Во Франции никто не придал бы этому событию никакого значения, но в Бруклине я получила довольно резкий ответ. Другая мать объясняла мне, что это «несправедливо» по отношению к ее собственной дочери, что ее дочь просто «раздавлена» тем, что не сможет играть с Дафной, что нечестно наказывать ее ребенка за плохое поведение Дафны. Эта женщина спрашивала, не могу ли я «выбрать более адекватное наказание». Мне стало стыдно. Больше я никогда не прибегала к подобным угрозам.
Впрочем, это было давно. В те времена я редко прибегала к серьезным угрозам. Это видно даже из письма Дафны Санта-Клаусу – совершенно понятно, что происходило в ее милой маленькой головке. Она написала:
Дорогой Санта,
Мы все в Америке извиняемся за наше плохое поведение, но я извиняюсь сильнее всех. Кстати, я хочу кролика Джули.

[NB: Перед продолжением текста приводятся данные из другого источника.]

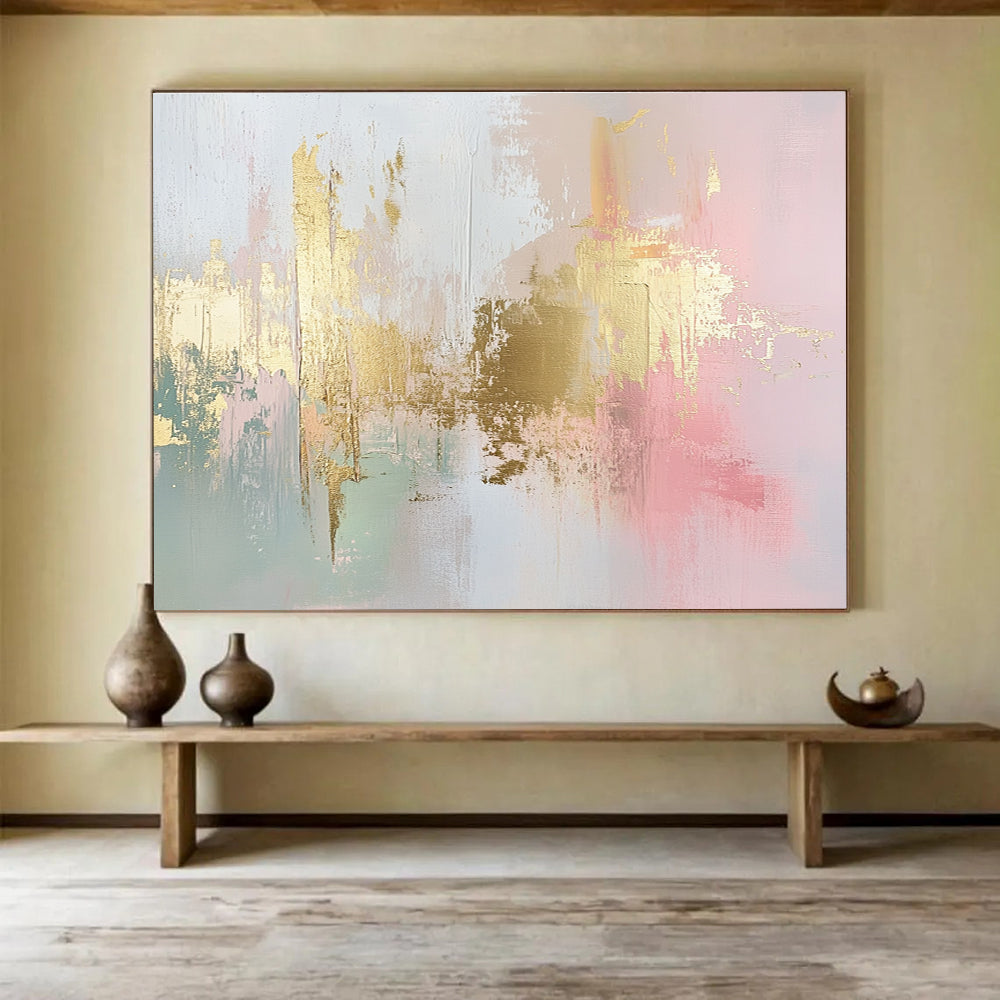Large abstract painting in soft pink, white, and gold with hints of light green and neutral tones, featuring dynamic brush strokes and a modern art style.SC283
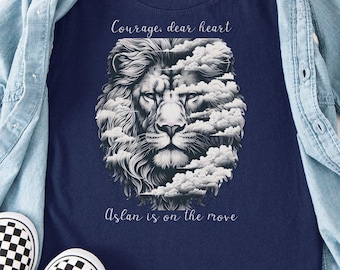May include: A navy blue t-shirt featuring a graphic of a lion's face integrated with clouds, with the text Courage, dear heart and Aslan is on the move. The shirt is layered under a light blue denim button-down shirt with black and white checkered slip-on shoes.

Да-да, она все еще настоящий американский ребенок. И мне это нравится. Я люблю ее и ее американизм. И Уну я тоже люблю, хотя никак не могу уговорить ее притормозить и чуть-чуть поработать над собой. Но попыток я не прекращаю. Порой бывают моменты, когда я задумываюсь, а нельзя ли применить к Уне те принципы, которые компенсируют утраченное чувство усиленным развитием четырех остальных.
Когда мы отдыхали на Файр-Айленде (об этом благословенном лете я рассказывала вам в шестой главе этой книги), Уна увидела детей, которые возле паромного причала продавали приезжающим собственноручно сделанные браслетики.
Устоять перед коммерческим соблазном – или духом конкуренции – Уна не могла, но плести браслетики она совершенно не умела. Примерно полдня она обдумывала сложившееся положение, а потом вышла на рынок с собственным продуктом: «Поэма в ракушке».
Вторую половину дня она потратила на сбор ракушек на пляже и изготовление своего товара. К тому моменту, когда на следующее утро на остров пришел первый паром, она уже встречала вновь прибывших со своим предложением.
Она очаровывала покупателей милой улыбкой (и еще более милой младшей сестрой), а потом предлагала за 1,75 доллара прямо на месте сочинить короткое стихотворение по заданному слову, чтобы потом ее отец (кстати, Мак тоже пишет как курица лапой) написал это стихотворение на ракушке. Уна прекрасно выбрала цену. Практически все ее клиенты давали ей два доллара и разрешали оставить сдачу себе. Меньше чем за час она собрала восемнадцать долларов.
Все получилось очень хорошо. Может быть, даже лучше, чем просто хорошо.
В Уне гармонично сочетаются национальные инстинкты (1,75 доллара) и результаты франконизации. Мы с Маком подумываем о том, чтобы провести в Париже целый год. Радость жизни, стиль и круассаны! Думаю, я к этому уже готова.
На следующий день, когда мы ужинали (без детей!) в ресторане, мы разговорились с молодой парой, сидевшей за соседним столиком. Естественно, разговор зашел об Уне и Дафне.
Я чуть со стула не свалилась от смеха, когда женщина сказала мне: «Не обижайтесь, но вы совсем не похожи на мать!» Какой же настоящей француженкой я себя почувствовала!
И мне не стало стыдно. И чувства вины я тоже не испытала.
Честно говоря, я обнаружила, что и французские матери тоже терзаются чувством вины. Беседуя с тридцатидвухлетней Камиллой, матерью маленькой Розы, я спросила, не хотелось бы ей стать домохозяйкой. «Иногда я думаю, что это было бы замечательно, – ответила она. – Но я никогда не смогу бросить работу – по крайней мере пока жива моя мать. Я буду чувствовать себя виноватой, потому что ей это точно не понравится. Наши матери столько сил приложили к тому, чтобы их дочери могли работать наравне с мужчинами. Я не могу так с ней поступить».